There was an unmistakable hiccup around the word that burned in Thundercracker’s audios, and he immediately feared the worst from her. But he smothered it with a gulp of the dregs of his high-grade glass.

“Right… there’s still a few of those lurking around,” he said around the new lump in his vocaliser. “I heard you and Springer have been kept busy. Or, was it Hot Rod? One of those two, I think.”

He shrugged, an attempt to mask how he knew of such things. But he’d checked every report that contained Arcee’s name, of course. He’d seen those two mechs be assigned to her more than once. And it had been a long time since… they’d left each other. She’d have found someone else, someone on her side, by now. Thundercracker could accept that… he just wanted to know who it was.

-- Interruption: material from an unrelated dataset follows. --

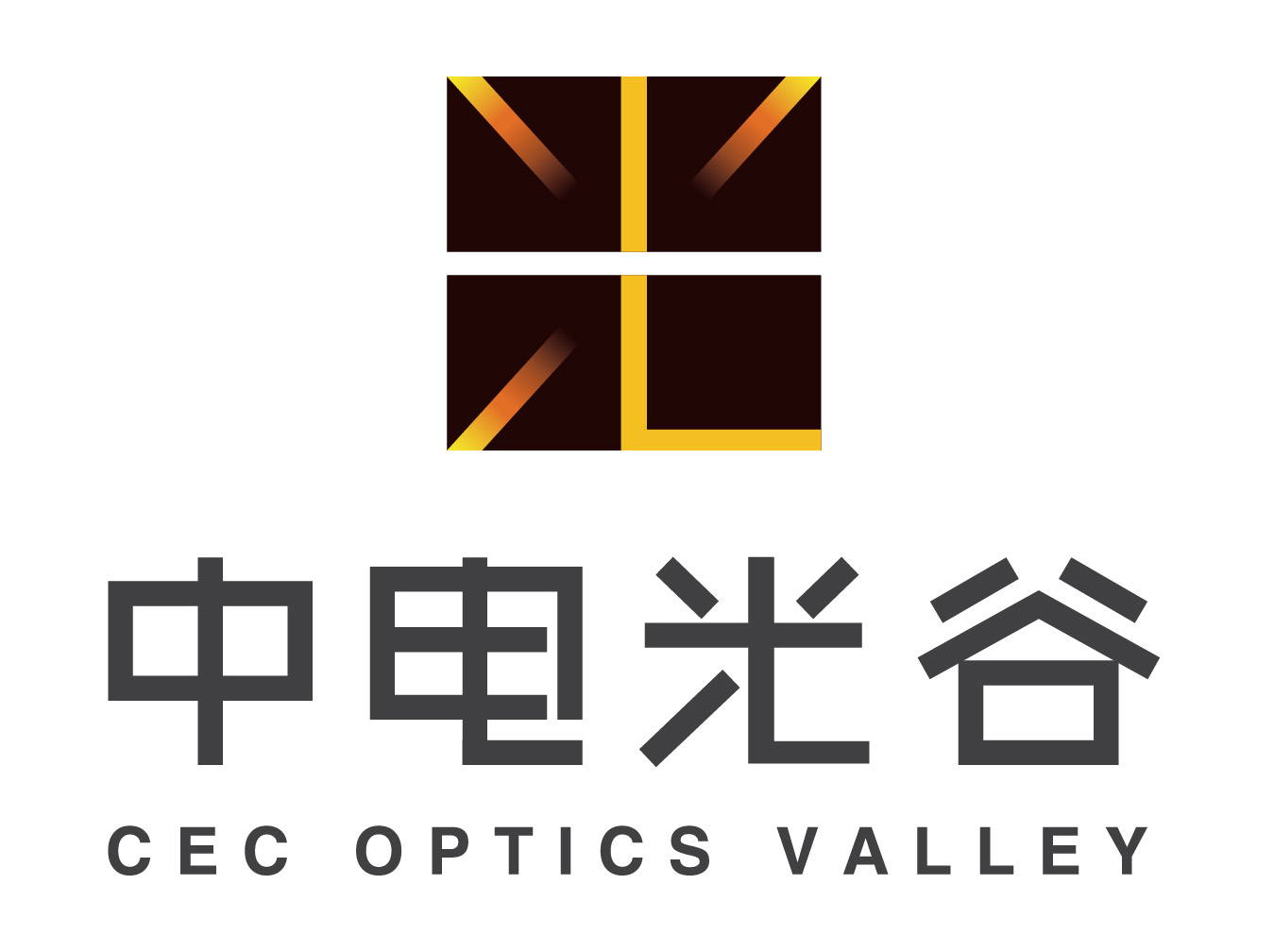中电光谷联合控股有限公司 中电光谷联合控股有限公司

“I worked with both of them on a few missions,” Arcee admitted. “But we all parted ways afterwards. So... I’ve been by myself mostly. What about you? Still keeping with your trine? Or have they finally settled down?”

Thundercracker had to scoff. “Of course not. Skywarp is still chasing every valve he sees, and that won't change anytime soon. And Starscream... well, actually, we might be losing him to a certain Camien lady.”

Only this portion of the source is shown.